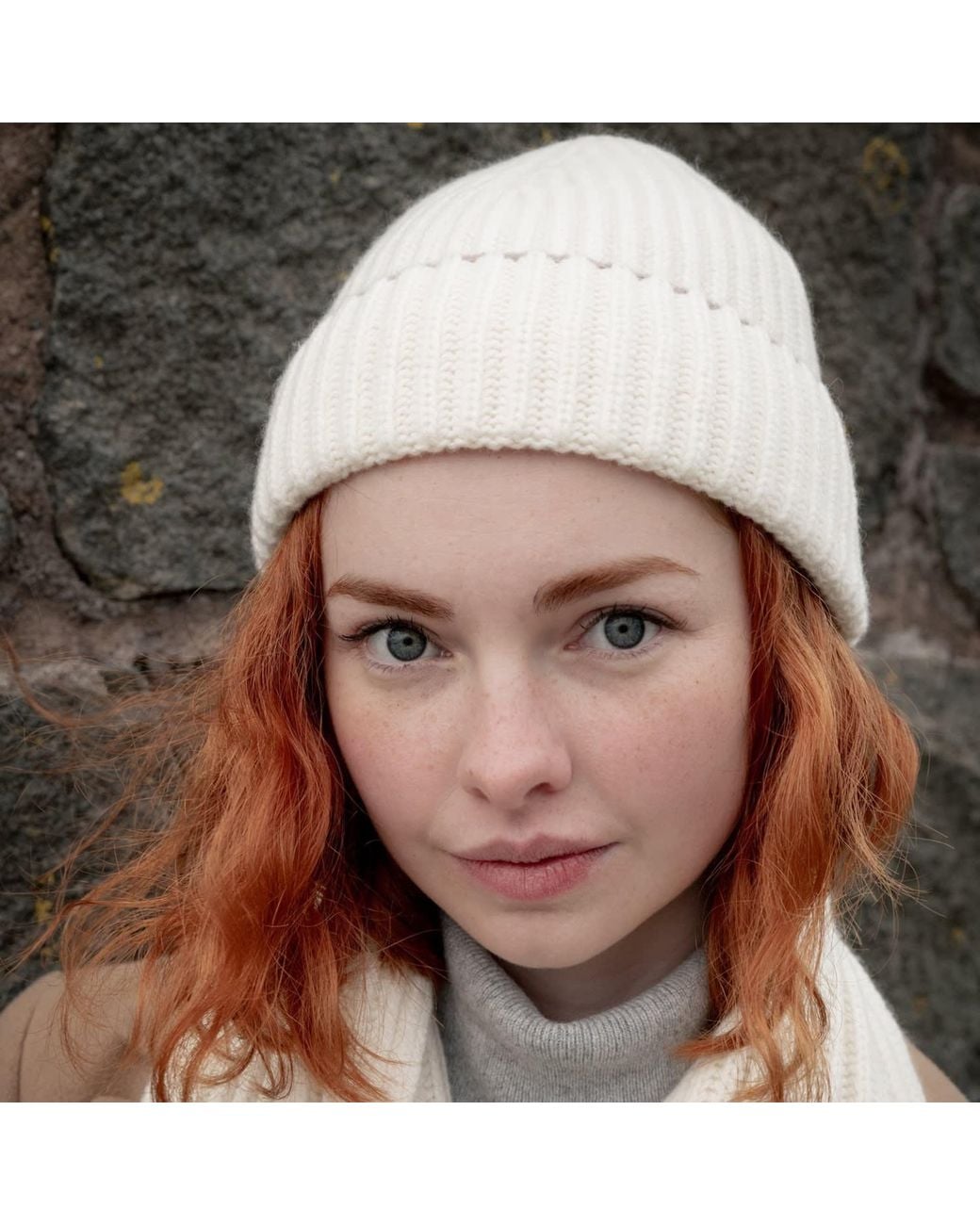 Kinalba Natural Neutrals Ladies Chunky Ribbed Cashmere Beanie Hat
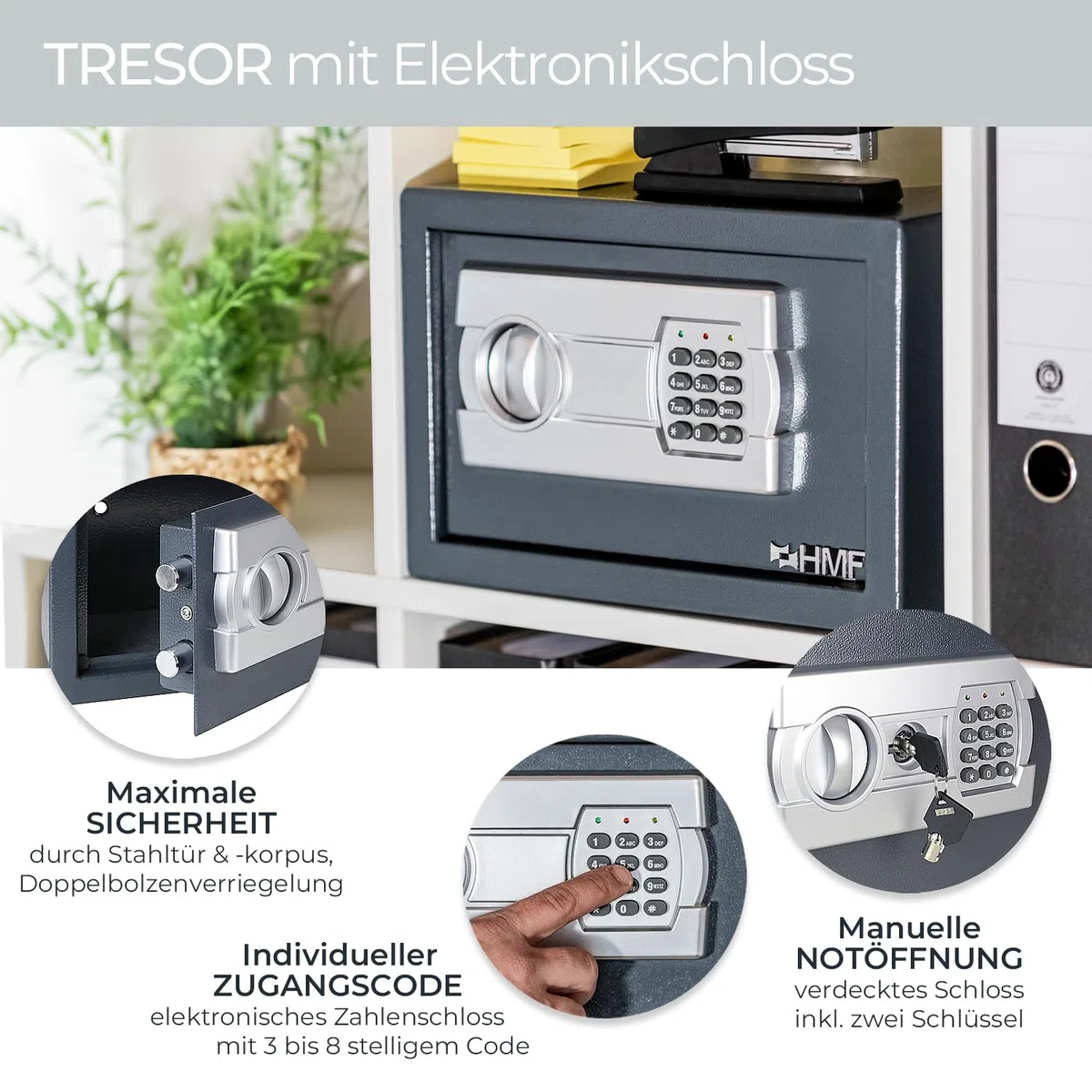 HMF Safe Tresor für Zuhause, Hotel oder Büro, Möbeltresor mit Zahlenschloss für DIN A5 Dokumente | 31 x 20 x 20 cm | Anthrazit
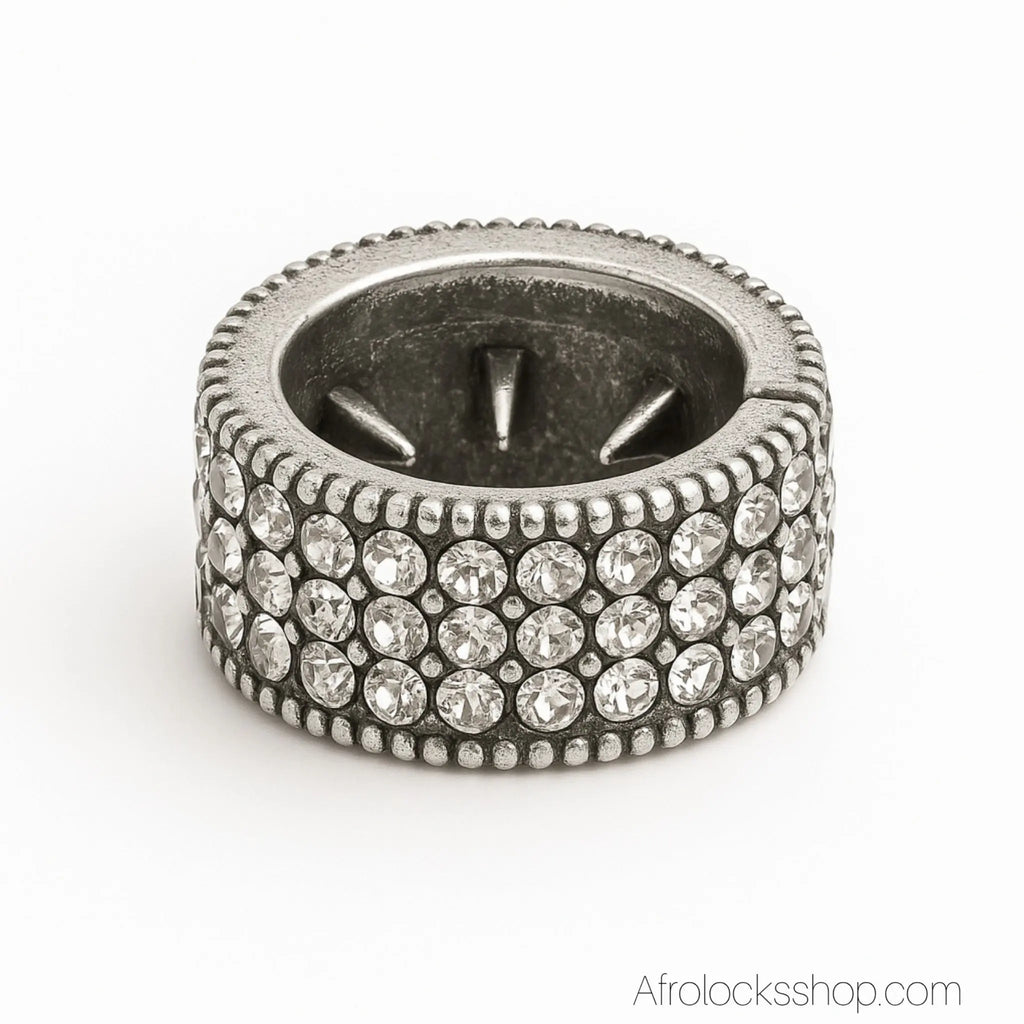 Anneau-bague-locks-argente-strass - Afro Locks Shop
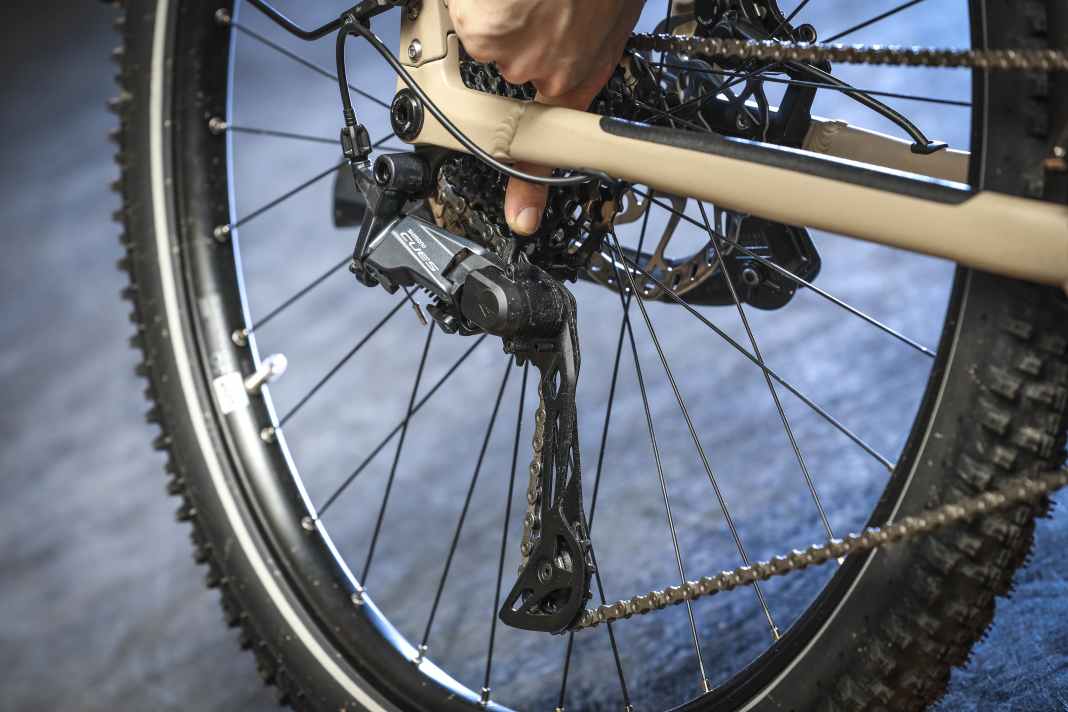 Die Cues aus der 8000er Serie kommt auch am Trekkingrad mit Schaltwerksdämpfung.
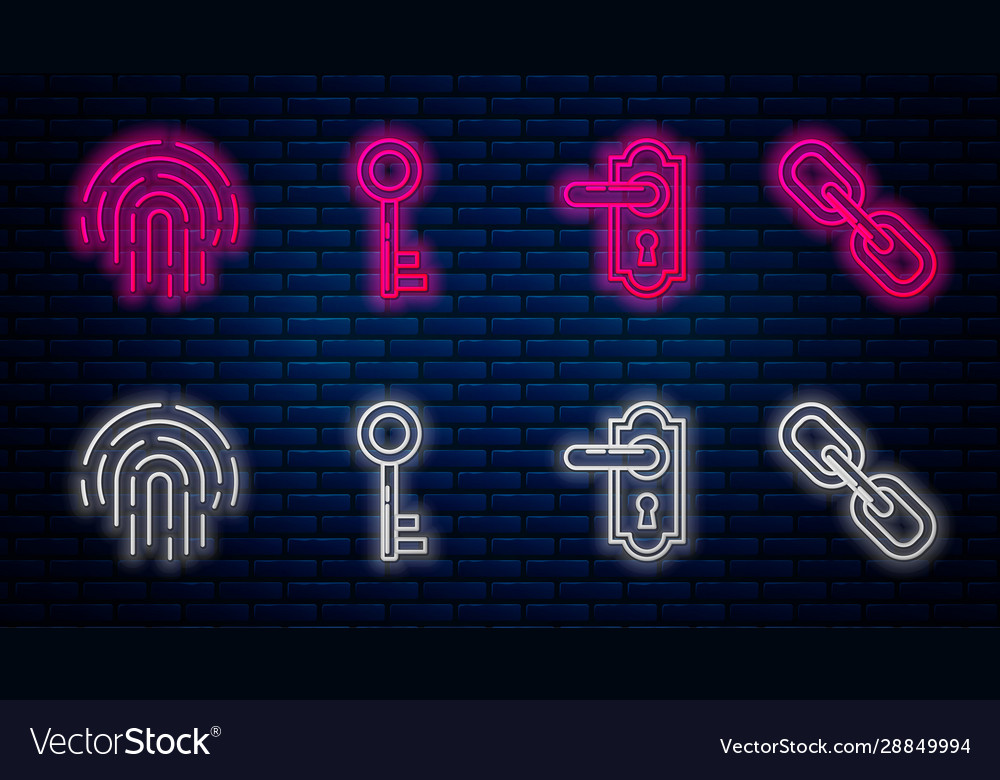 Set line key door handle fingerprint and chain vector image Set line key door handle fingerprint and chain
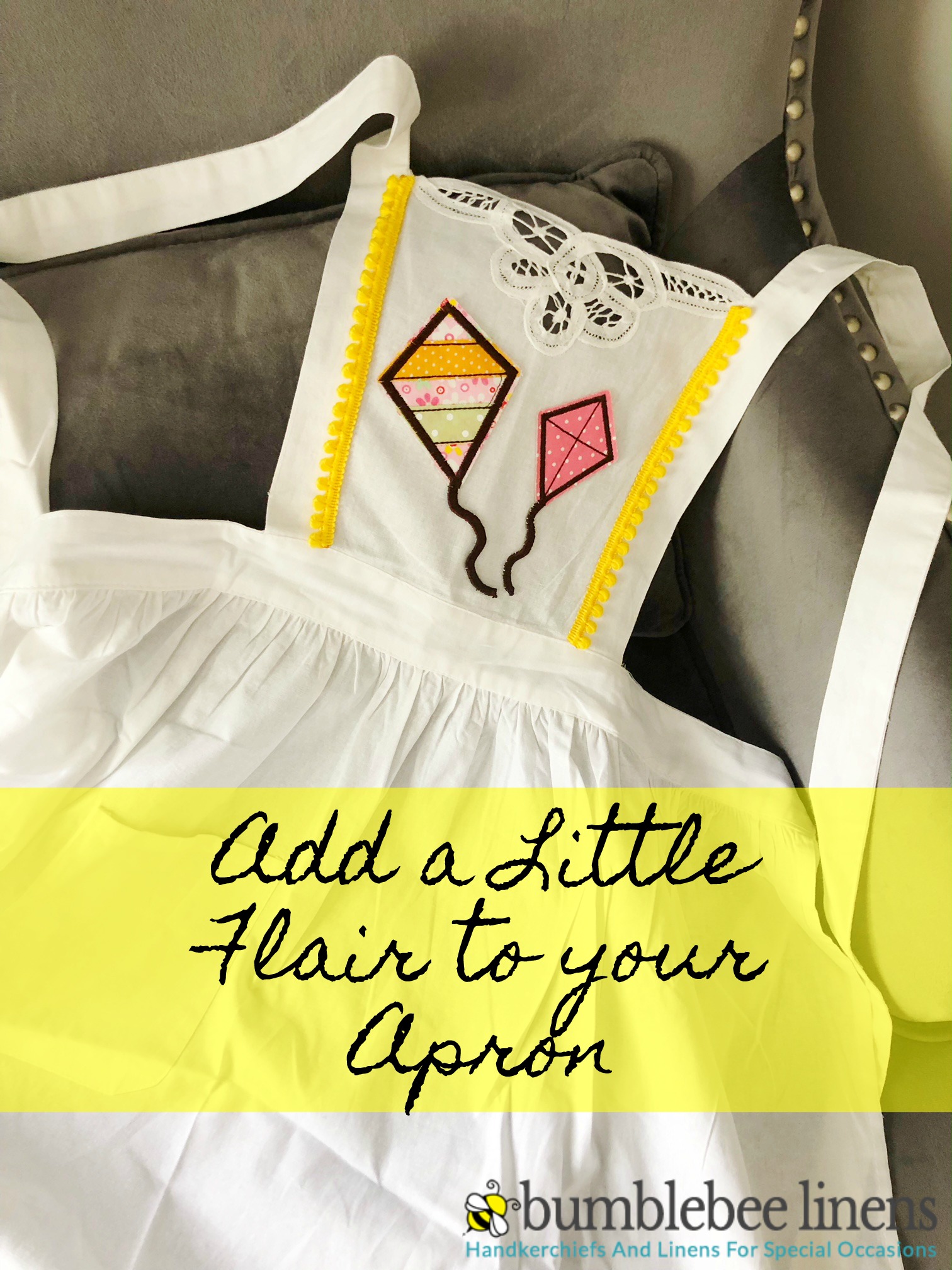 Learn How to Add Flair to an Apron for your little helpers in the kitchen.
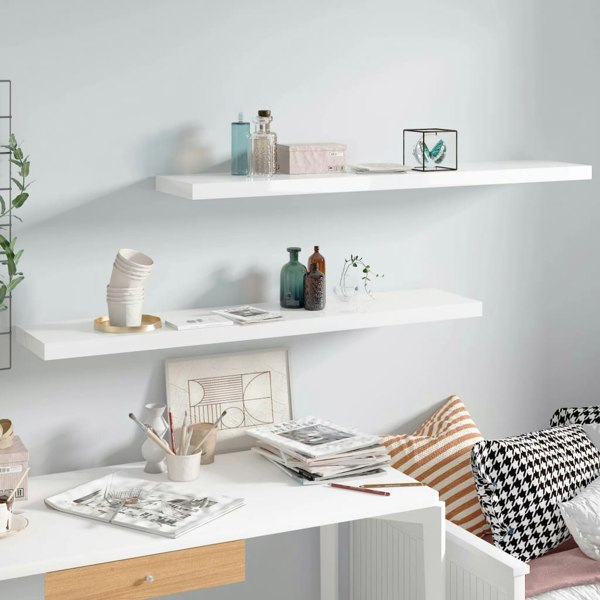 Berkfield Floating Wall Shelves 2 pcs High Gloss White 120x23.5x3.8 cm MDF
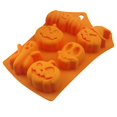 thumbnail image 4 of Yuarrent Molde de silicona para pastel de Halloween de 6 cavidades, molde para hornear galletas de Chocolate y jabón con cubitos de hielo Herramientas y accesorios para hornear calabaza rectangular Yuarrent HA000588-01B, 4 of 6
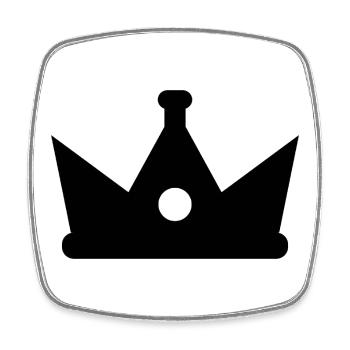 Couronne - Magnet carré - blanc - Devant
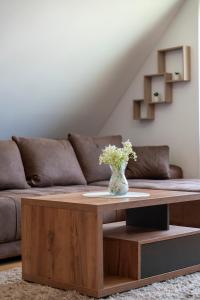 a living room with a couch and a coffee table at Vila Katalina Spa & Resort in Zlatibor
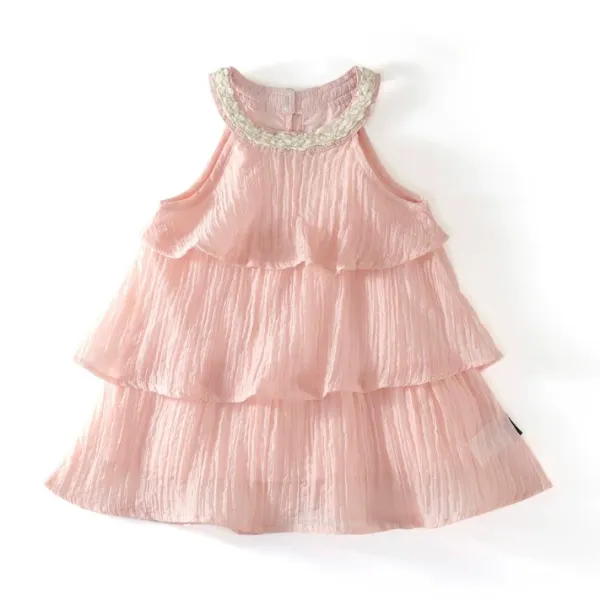 【18M-8Y】Girls Sweet And Elegant Pink Hanging Neck Dress - Popopieshop.com 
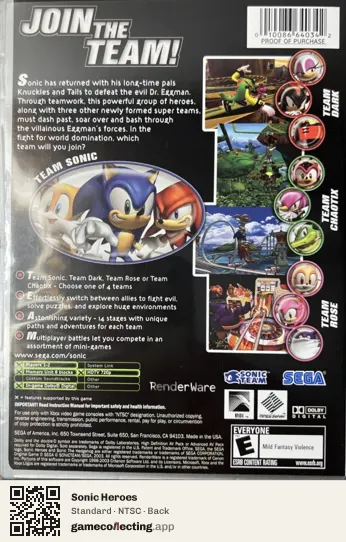 Sonic Heroes Xbox, NTSC box back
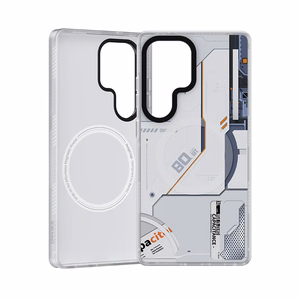 Benks Dynamic magnetinis Mecha dėklas (D045) Samsung Galaxy S25 Ultra telefonui, baltas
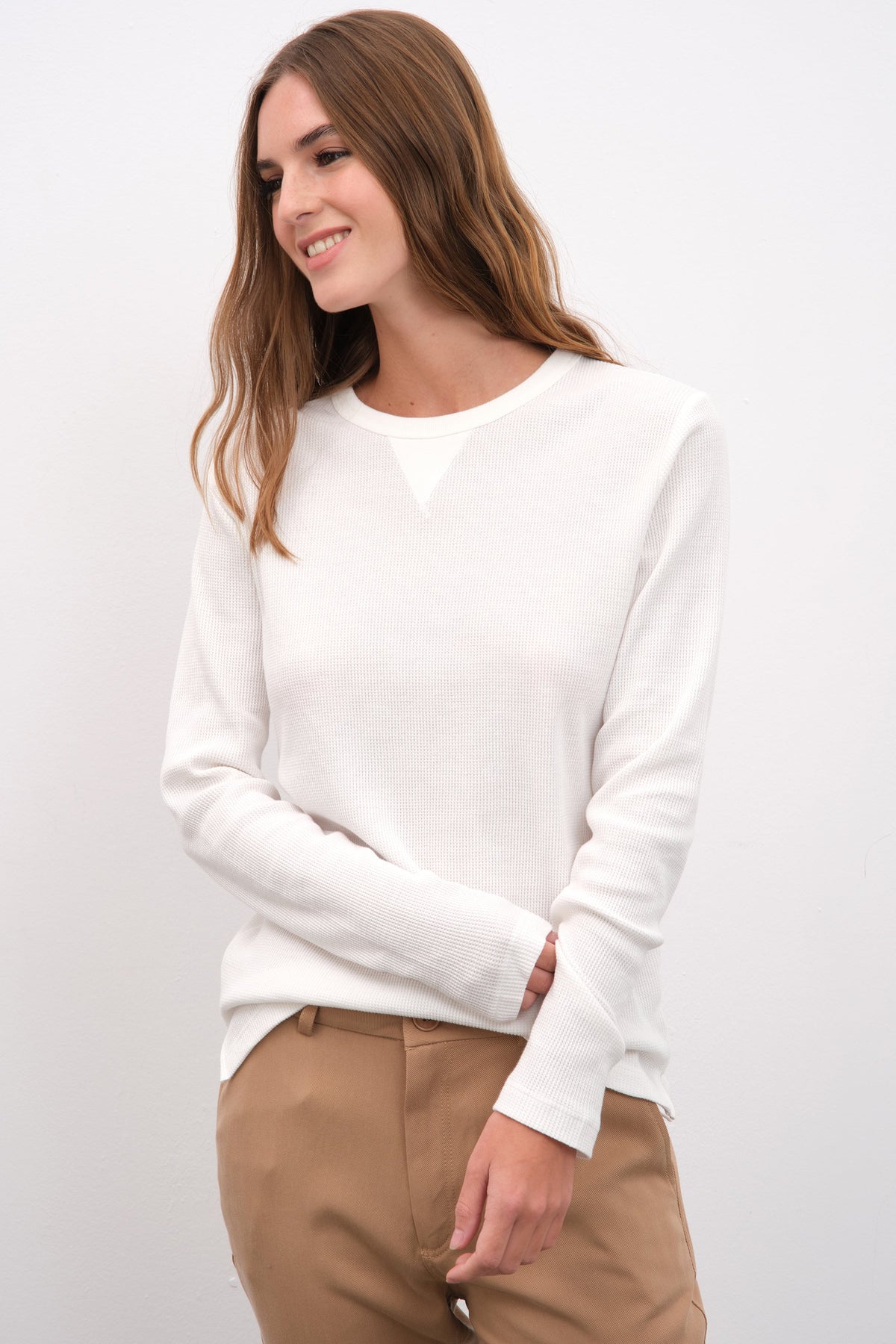 Waffle Cotton Long Sleeve Unisex T-shirt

-- WORK ORDER --
Find the line containing "Benks Dynamic magnetinis" in the records above, then copy it and every line after it exactly, through the last one, without any pictures.

-- TASK RESULT --
 Benks Dynamic magnetinis Mecha dėklas (D045) Samsung Galaxy S25 Ultra telefonui, baltas
 Waffle Cotton Long Sleeve Unisex T-shirt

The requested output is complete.